Q: What made you think that you could improve the accuracy of risk assessment?
Zhou: Risk assessment of DCIS has been an area of active research. Our approach leverages multiparametric breast MRI and the integration of multimodal data. Breast MRI is the most sensitive modality for DCIS detection, and when incorporated with multiparametric techniques (e.g., high spatiotemporal resolution perfusion and diffusion), it offers complementary anatomical and functional assessment of DCIS.

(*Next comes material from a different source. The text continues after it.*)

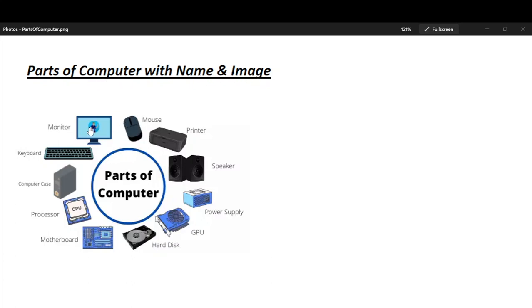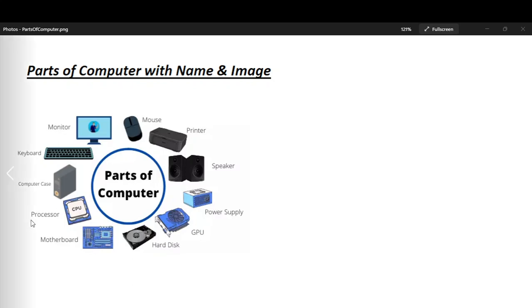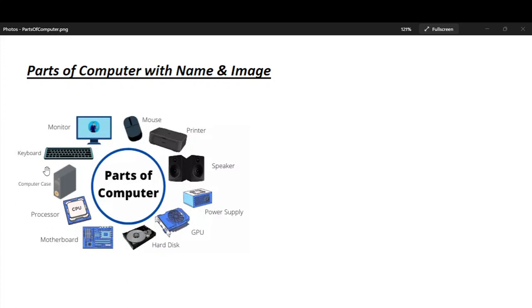Monitor, Mouse, Printer, Speaker, Power Supply, GPU, Hard Disk, Motherboard, Processor, CPU, Computer Case, Keyboard.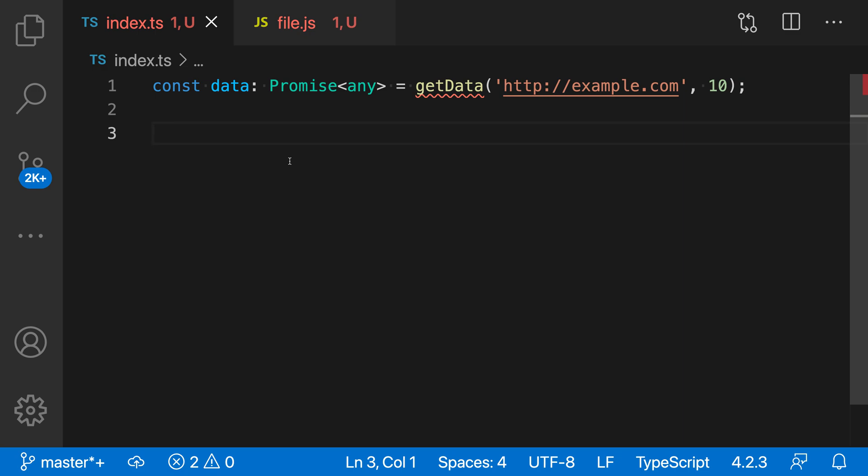The add missing function declaration quick fix for JavaScript and TypeScript lets you quickly stub out a function based on an existing call signature. Let's take a look at this in a TypeScript file.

We plan to develop a computational algorithm to automatically detect and characterize DCIS lesions directly from breast MRI. In addition to quantitative data from MRI, there is non-imaging data from clinical, genomic, and pathology assessment. There is an untapped opportunity to combine these imaging and non-imaging data to predict invasive breast cancer from DCIS. We are optimistic that such an approach will help generate clinically useful risk assessment to guide personalized treatment strategies for DCIS.
Q: How will you pursue your research? Will machine learning play a role?
Zhou: In addition to my clinical and research mentors, I am fortunate to collaborate with a team of graduate students, postdoctoral scholars, and other staff scientists to drive forward this project. We have already curated a well-annotated dataset of patients with preoperative breast MRI, clinical, and histopathologic data. Machine learning is at the centerpiece for aggregating and synthesizing these large datasets for this project. We plan to develop and validate new deep learning methods for breast MRI interpretation and multimodal data integration.
Q: Who will you enlist at Stanford to help? Will this be multidisciplinary research?
Zhou: At the institution level, Stanford offers excellent clinical and research infrastructure, a collaborative environment, and all the elements needed for the success of this project. I will leverage unique resources and potential collaborations within the Center for Artificial Intelligence in Medicine & Imaging (AIMI), the Radiological Sciences Laboratory (RSL), the Integrative Biomedical Imaging Informatics at Stanford (IBIIS), and the Stanford Cancer Institute.
The unique multidisciplinary team supporting this research project is composed of members with complementary expertise in medical imaging analysis, artificial intelligence, and multiparametric breast MRI. I believe that this collaborative team is well-positioned to aggregate and synthesize imaging-based and multidisciplinary biomarkers to improve DCIS diagnostics.
Q: What do you hope to accomplish in this first (and maybe second and third) stage of the project?
Zhou: In the first stage of this project, we aim to develop and validate a deep-learning model to automate DCIS detection and characterization directly from multiparametric breast MRI. This will not only help generate quantitative data useful for downstream applications (e.g., prediction of invasive cancer in DCIS) but also has the potential to standardize the imaging assessment of DCIS.
The second stage of this project is to develop and validate a predictive nomogram using multimodal data from preoperative assessment, for predicting invasive breast cancer in DCIS. The end product will be a user-friendly, clinically actionable, point-of-care tool for radiologists, surgeons, and oncologists to estimate the likelihood of invasive breast cancer for individual patients diagnosed with DCIS.